これ本当に初めて聴いた時心底ビックリしてね。ある意味天地がひっくり返ったなと。いや、「そんなのお互い様」って歌詞自体は別段特異な訳じゃないんだ。その前段に
『寂しくないふりしてた』
があるからなんだ。
「ふり」或いは「フリ」は宇多田ヒカルの歌詞での最頻出単語のひとつである。要は体面を繕うとか演技をするという意味で「フリをする」という言い回しを多用するのだが、例えば以下の曲で出てくる。
『受け入れてるフリをしていたんだ ずっと』(初恋)
『か弱いフリしてめっちゃ強い』(Fight The Blues)
『私を待たずに時計は何も知らないフリしてる』(Parody)
『楽しくないのにフリはしたくない』(Making Love)
『完璧なフリは腕時計と一緒にはずして』(誰にも言わない)
まだあるかな? これにほぼ同じ意味の「強がり」や「意地っ張り」や「Pretend」なども頻出だからまぁヒカルってば取り繕ってばっかなのよね。

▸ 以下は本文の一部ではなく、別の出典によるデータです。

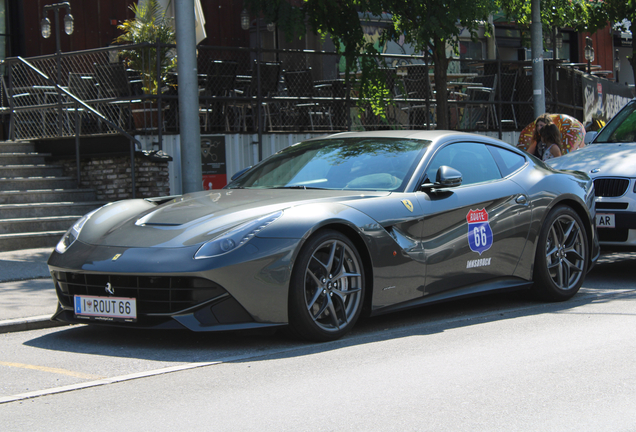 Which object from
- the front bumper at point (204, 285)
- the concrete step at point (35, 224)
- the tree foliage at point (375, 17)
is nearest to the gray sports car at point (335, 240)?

これって、本当の自分を知られたくない、隠していたいっていう心境で、大体これが孤独に繋がっていくのが宇多田ヒカルの歌詞世界観の王道だった訳ですよ。そうやって他者と距離をとって、嘘の自分と本当の自分の間で思い悩み、自分の心を誰とも分け合えず孤独に苛まれていく、という。
今回はしかも、今までの強化版、いや最強化版ともいえる「寂しくないフリ」ですよ。(歌詞カードではひらがなですが)
私は孤独なんかじゃないやいと強がって意地を張るだなんて究極の孤独野郎だと思うのです。だがそこから
『まぁそんなのお互い様か』
って肩の力抜いて言われるとは……! 自分だけじゃない、みんなそうやって強がってるんだもんね、っていうとんでもなく優しく暖かい眼差し。他の誰よりもそういう人を沢山見てきたんだよ私、とでも言いたげな。なんだろう、ある意味、これは、孤独や寂しさなんかを歌って人々と共鳴共感し合ってきた宇多田ヒカルの歌詞の集大成な一節とも言えるのではないだろうか。母親になったからこんなに大きく構えられるのかな。強い。これは強いぞ。
アルバムの全貌はまだまだ先だろうが、この「お互い様」の精神が生まれた先にある歌詞世界は今までとは随分と違って聞こえる筈だ。筈なんだ。これはかなりワクワクする展開なのよね。例えば、『One Last Kiss』はアルバムのオープニング・ナンバーだったりするのかな? 嗚呼、期待してないフリなんてとてもじゃないが出来やしないぜ。